Gold steadies ahead of Fed rate decision, headed for a fourth consecutive drop early Wednesday as investors awaited a widely anticipated interest rate hike from the Federal Reserve.
The decision, which most market watchers believe will be a quarter-percentage point, is designed as a counter to surging inflation. Higher interest rates are typically bearish for gold because other assets become more attractive to investors. And the yellow metal is a traditional hedge against inflation, so a reduction in inflation would also be bearish for gold.
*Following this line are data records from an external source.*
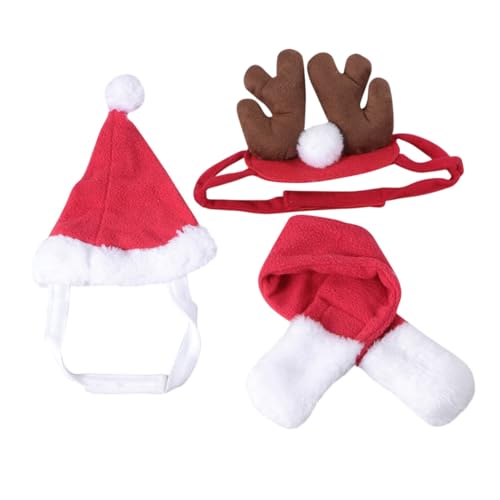 Toddmomy 3st Katzenschal Hund Weihnachtshalsband Weihnachtstierbedarf Haustier-Cosplay-kostüm Stirnband Aus Katzengeweih Hund Weihnachtsmütze Weihnachten Rentier Hund Stirnband Rot von Toddmomy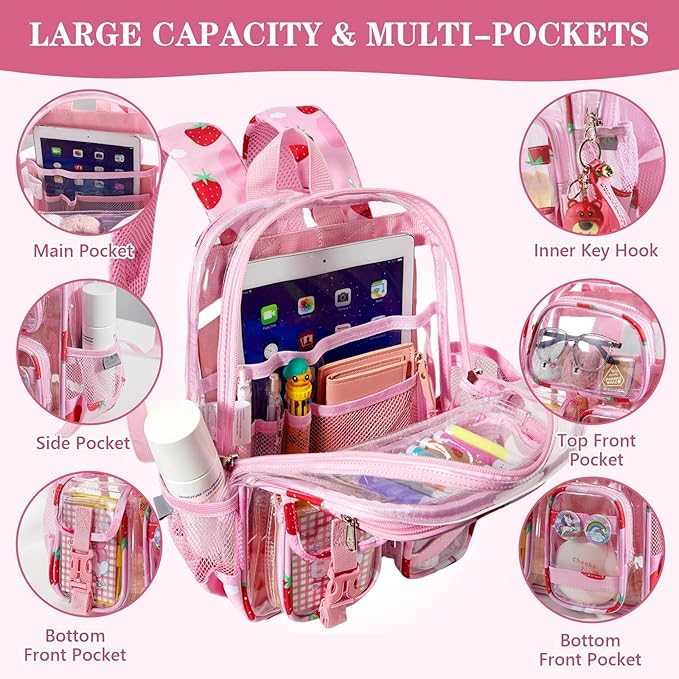 Mini Clear Backpack for Stadium Approved 12x6x12, Small Transparent Backpacks Plastic See Through Clear Bag for Kids Girls Women for Sporting Event, Concerts, Work, Festival (Strawberry)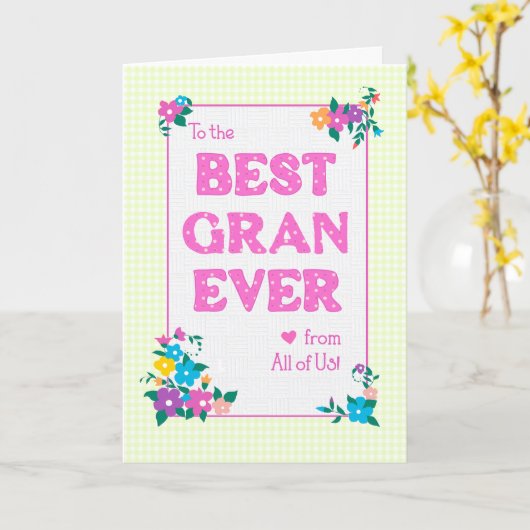 Beste Gran Ever Moederdag van de Kaart van ons all (Gele Bloem)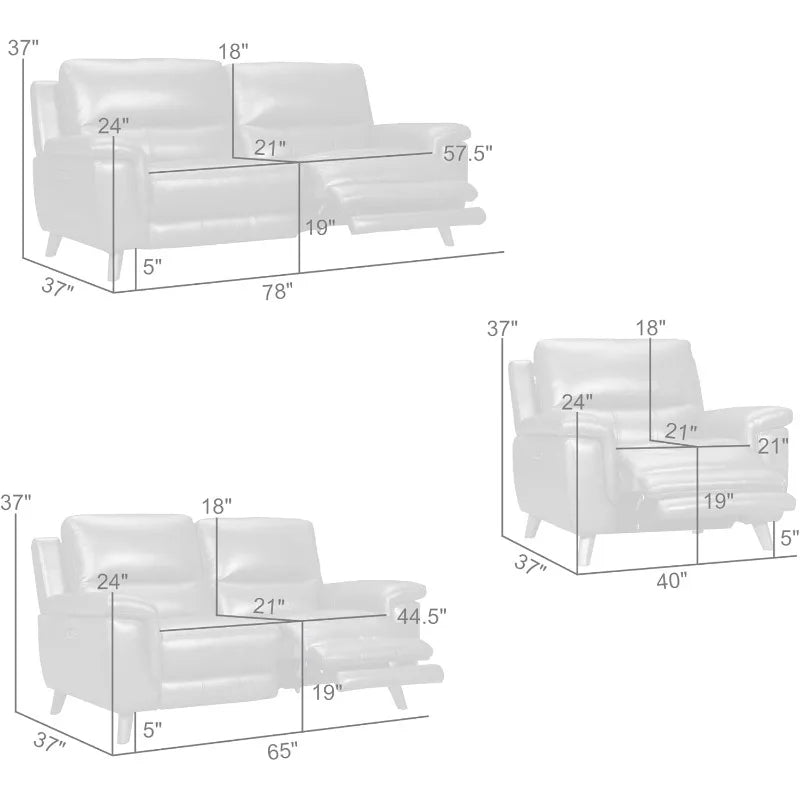 Brown Power Reclining Sofa Furniture Set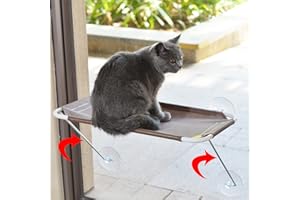 LSAIFATER Cat Window Perch, Cozy Cat Window Hammock for Sunbathing Experience, Give Your Cat The Best Seat in The House with a Cat Window Bed - The Best Cat Perch for Your Furry Friend (M, Brown)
Front-month gold futures fell 1.6% Tuesday to $1,929.70 an ounce on Comex and is down 2.8% in the first two days of this week. Gold advanced 5.8% last month after dropping 1.8% in January, its worst month since September. It retreated 3.5% in 2021. Currently, the April contract is down $10.50 (-0.54%) an ounce to $1,919.20 and the DG spot price is $1,913.70.
Holdings in SPDR Gold Trust, the world’s largest gold-backed exchange-traded fund, fell 0.2% Tuesday to 1,061.8 metric tons, Reuters reported.
While gold traded near a two-week low, prices remained elevated on haven demand amid the ongoing conflict between Russia and Ukraine. U.S. President Joe Biden is set to travel to Europe to discuss the crisis with NATO allies next week. The United Nations has said the Ukrainian refugee count has surged above 3 million. Ukrainian President Volodymyr Zelenskyy is also set to virtually address a joint session of the U.S. Congress on Wednesday.
Russia’s central bank said Tuesday that it would stop buying gold from banks so that they can meet increased demand from households. The country has come under crippling Western sanctions in response to its invasion of Ukraine.
In addition to the Fed announcement and Chairman Jerome Powell’s press conference Wednesday, investors were economic reports Wednesday on U.S. retail sales and home building.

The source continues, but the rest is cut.